Stephen Greenblatt, professor de Harvard e autor de Will in the World: How Shakespeare Became Shakespeare, objeta, observando que "não há razão para se pensar que ler Shakespeare necessariamente nos torne pessoas mais reflexivas e mais profundas. Fosse assim os nazistas, que mantiveram a Sociedade Shakespeare alemã funcionando nos anos 1930 e 1940, teriam aprendido alguma coisa."

Os textos de Shakespeare são tão complexos, diz ele, que "permitem uma gama enorme de leituras e visões políticas, como a Bíblia".

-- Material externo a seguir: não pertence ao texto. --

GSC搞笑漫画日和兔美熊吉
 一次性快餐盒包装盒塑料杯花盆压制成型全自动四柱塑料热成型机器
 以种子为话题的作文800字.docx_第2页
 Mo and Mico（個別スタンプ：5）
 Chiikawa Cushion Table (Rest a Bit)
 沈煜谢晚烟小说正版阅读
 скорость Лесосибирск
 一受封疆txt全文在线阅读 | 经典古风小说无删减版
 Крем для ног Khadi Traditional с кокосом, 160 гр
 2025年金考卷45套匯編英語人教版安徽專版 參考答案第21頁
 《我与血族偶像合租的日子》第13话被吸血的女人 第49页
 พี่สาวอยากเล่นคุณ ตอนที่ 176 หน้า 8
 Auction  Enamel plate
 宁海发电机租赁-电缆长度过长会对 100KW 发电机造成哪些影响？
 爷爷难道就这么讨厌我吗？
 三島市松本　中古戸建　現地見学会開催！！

Veja Macbeth, diz Greenblath. Os críticos de Bush poderiam ver uma ironia em W. ler uma peça sobre um líder que toma a decisão catastrófica de derrubar um regime que acaba levando seu país e ele próprio à ruína. Mas o presidente pode estar lendo a peça de maneira totalmente diferente, vendo fumaças de Saddam Hussein em Macbeth, um tirano homicida que recebe sua merecida punição sangrenta.

Mas ele concorda em que há algumas lições importantes que W. poderia colher, incluindo a dúvida de Shakespeare sobre guerras rápidas e fáceis, e sua convicção de que aquilo que o professor chama de "visão pétala de rosa" é uma ilusão; Shakespeare descobriu uma distância imensa entre o que imaginamos e aquilo que possivelmente acontecerá de fato.

Ken Adelman, ex-professor especializado em Shakespeare e diretor de controle de armas sob Ronald Reagan, comparou W. ao Príncipe Hal (personagem da primeira parte da peça Henrique IV, de Shakespeare). Mas o consultor republicano, que ministra um seminário de administração com sua esposa, Carol, sobre Shakespeare, concorda em que o isolamento de W. o impede de ter a força de liderança de Henrique V, que se misturava com a população comum nas tavernas e com os soldados no campo de batalha.

Às vezes, o presidente Bush do segundo mandato parece mais o adversário de Henrique, o Delfim da França, que não tem o menor senso de realidade da batalha ou de suas tropas, não compreende a situação e trata Henrique com imerecido desprezo.

O Bush perpetuamente preto e branco poderia aprender com as nuances de cinza fascinantes do dramaturgo. "Em Shakespeare", diz Marjorie Garber, professora de Harvard e autora de Shakespeare After All, " nada está jamais terminado. Nunca se fecha a porta para nada. Nunca há uma 'Missão Encerrada'."